Background Recent studies have demonstrated the existence of a small fraction of cells with features of primitive neural progenitor cells and tumor-initiating function in brain tumors. These cells might represent primary therapeutic target for complete eradication of the tumors. This study aimed to determine the resistant phenotype of glioblastoma stem cells (GSCs) to temozolomide (TMZ) and to explore the possible molecular mechanisms underlying TMZ resistance.

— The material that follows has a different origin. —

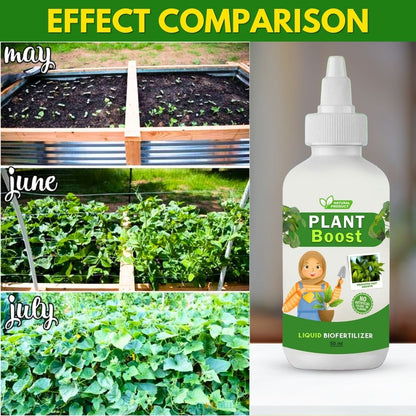 Organic Plant Boost - Faster Growth & Stronger Roots (Pack of 3)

Methods Freshly resected glioblastoma specimen was collected and magnetic isolation of GSCs was carried out using the Miltenyi Biotec CD133 Cell Isolation kit. The cytotoxic effect of TMZ on CD133⁺ and CD133^– glioblastoma cells was determined by using the 3-(4,5-dimethylthiazol-2-yl)-2,5-diphenyltetrazolium bromide (MTT) assay. Autophagy-related proteins (Beclin-1, LC3 and Atg5) and cleaved caspase-3 (p17) were analyzed by Western blotting. Immunofluorescent staining was used to detect Atg5, glial fibrillary acidic protein (GFAP) and CD133 expression in glioblastoma cells. Statistical analysis was carried out using SPSS 10.0 software. For all tests, the level of statistical significance was set at P <0.05.

Results CD133⁺ glioblastoma cells exhibited neurosphere-like growth in vitro and high expression of CD133 stem cell marker. The growth-inhibiting rate in CD133^– glioblastoma cells treated with 5 or 50 µmol/L TMZ was significantly higher than that in CD133⁺ glioblastoma cells ((14.36±3.75)% vs (2.54±1.36)% or (25.95±5.25)% vs (2.72±1.84)%, respectively, P <0.05). Atg5, LC3-II and Beclin-1 levels were significantly lower in CD133⁺ glioblastoma cells than those in autologous CD133^– cells after TMZ treatment (P <0.05). Caspase-3 was mildly activated only in CD133^– glioblastoma cells after exposure to TMZ (P <0.05). Immunofluorescent staining revealed elevated expression of Atg5 in GFAP⁺ cells following TMZ treatment.

Conclusions The GSCs display strong capability of tumor′s resistance to TMZ. This resistance is probably contributed by the CD133⁺ cells with down-regulation of autophagy-related proteins. Future treatment should target this small population of cancer stem cells in tumors to improve survival of patients.